Lead Generation Through Web Scraping

May 26th, 2020

Web scraping is one of the best ways to generate leads for your business quite easily.

Today we will look at a practical example of how to get leads from online business directories.

Here are 57 of them that you can scrape leads from

List of Online Directories

Directory	URL
Yelp	http://www.yelp.com/
Thumbtack	https://www.thumbtack.com/
Yellow Pages	http://www.yellowpages.com/
Kudzu	http://www.kudzu.com/
Better Business Bureau	http://www.bbb.org/
Manta	http://www.manta.com/
Judy's Book	http://www.judysbook.com/
CitySquares	http://citysquares.com/
Yellow Pages Directory	https://www.yellowpagesgoesgreen.org
USdirectory.com	http://www.usdirectory.com/
Here	https://mapcreator.here.com
Angie's List	https://www.angieslist.com/
Local.com	http://www.local.com/
MagicYellow	http://www.magicyellow.com/
USCity	https://uscity.net/
Yext	http://www.yext.com/
The Business Journals	http://businessdirectory.bizjournals.com/
Citysearch	http://www.citysearch.com/
Fave	https://www.getfave.com/
BrownBook	http://www.brownbook.net/
Merchant Circle	https://www.merchantcircle.com
Kompass	http://us.kompass.com/
Superpages	http://www.superpages.com/
EZlocal.com	http://ezlocal.com/
MyHuckleberry	http://www.myhuckleberry.com/
CityVoter	http://cityvoter.com/
Craigslist	http://www.craigslist.org/about/sites#US
US Combo Directory Network	http://combodirectoryusa.info/
Insider Pages	http://www.insiderpages.com/
Dexknows	http://www.dexknows.com/
City-Data	http://www.city-data.com/
Switchboard	http://switchboard.com/
Bizwiki	http://www.bizwiki.com/
USA Citylink	http://www.usacitylink.com/
Best of the Web	https://local.botw.org/
RadarFrog	http://radarfrog.gatehousemedia.com/
ALLPages	http://www.allpages.com/
The Real Yellow Pages	http://www.realpageslive.com/
Yellow.com	http://www.yellow.com/
Volta	http://www.volta.net/
Akama	http://www.akama.com/
Nexport	http://www.nexport.com/
JustDial	http://us.justdial.com/
Valley Yellow Pages	http://www.myyp.com/
OfficialUSA.com	http://www.officialusa.com/
2FL	http://www.2findlocal.com/
Seekitlocal	http://www.seekitlocal.com/default.aspx
AmericanTowns	http://www.americantowns.com/
eLocal	http://www.elocal.com/
CityGrid	http://www.citygrid.com/
Ziplocal	http://ziplocal.com/
LocalPages	http://www.localpages.com/
BizVotes	http://www.bizvotes.com/
LocalFolder.com	http://www.localfolder.com/
Zidster	http://www.zidster.com/
netHulk	http://www.nethulk.com/
My Local Services	http://www.mylocalservices.com/

That's a lot. So in this article lets learn how to scrape one of them, Yellow pages so that you can use the same techniques to scrape data from the others. Here we are imagining a scenario where we are looking to generate a list of Dentists that we can target.

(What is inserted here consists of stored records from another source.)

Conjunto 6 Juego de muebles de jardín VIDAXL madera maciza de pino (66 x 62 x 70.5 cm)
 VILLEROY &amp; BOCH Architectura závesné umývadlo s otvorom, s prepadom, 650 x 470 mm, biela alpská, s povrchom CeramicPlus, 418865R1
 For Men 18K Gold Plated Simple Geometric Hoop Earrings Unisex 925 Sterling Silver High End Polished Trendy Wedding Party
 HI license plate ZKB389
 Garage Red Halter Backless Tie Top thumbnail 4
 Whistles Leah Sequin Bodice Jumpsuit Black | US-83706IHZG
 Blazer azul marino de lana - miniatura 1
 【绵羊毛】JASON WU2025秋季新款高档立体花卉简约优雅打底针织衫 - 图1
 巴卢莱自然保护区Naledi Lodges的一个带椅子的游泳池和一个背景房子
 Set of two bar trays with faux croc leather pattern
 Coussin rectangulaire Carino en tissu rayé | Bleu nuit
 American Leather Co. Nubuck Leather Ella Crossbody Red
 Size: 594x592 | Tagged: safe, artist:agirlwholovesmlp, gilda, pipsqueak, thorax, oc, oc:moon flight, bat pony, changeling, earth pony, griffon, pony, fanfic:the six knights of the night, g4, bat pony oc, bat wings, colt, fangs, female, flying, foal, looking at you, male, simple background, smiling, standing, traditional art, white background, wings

BeautifulSoup will help us extract information, and we will retrieve crucial pieces of information from Yellow Pages.

To start with, this is the boilerplate code we need to get the Yellowpages.com search results page and set up BeautifulSoup to help us use CSS selectors to query the page for meaningful data.

# -*- coding: utf-8 -*-
from bs4 import BeautifulSoup
import requests

headers = {'User-Agent':'Mozilla/5.0 (Macintosh; Intel Mac OS X 10_11_2) AppleWebKit/601.3.9 (KHTML, like Gecko) Version/9.0.2 Safari/601.3.9'}
url = 'https://www.yellowpages.com/los-angeles-ca/dentists'

response=requests.get(url,headers=headers)


soup=BeautifulSoup(response.content,'lxml')

We are also passing the user agent headers to simulate a browser call, so we dont get blocked.

Now let's analyse the Yellow pages search results. This is how it looks.

And when we inspect the page, we find that each of the items HTML is encapsulated in a tag with the class v-card

We could just use this to break the HTML document into these cards which contain individual item information like this.

# -*- coding: utf-8 -*-
from bs4 import BeautifulSoup
import requests

headers = {'User-Agent':'Mozilla/5.0 (Macintosh; Intel Mac OS X 10_11_2) AppleWebKit/601.3.9 (KHTML, like Gecko) Version/9.0.2 Safari/601.3.9'}
url = 'https://www.yellowpages.com/los-angeles-ca/dentists'

response=requests.get(url,headers=headers)


soup=BeautifulSoup(response.content,'lxml')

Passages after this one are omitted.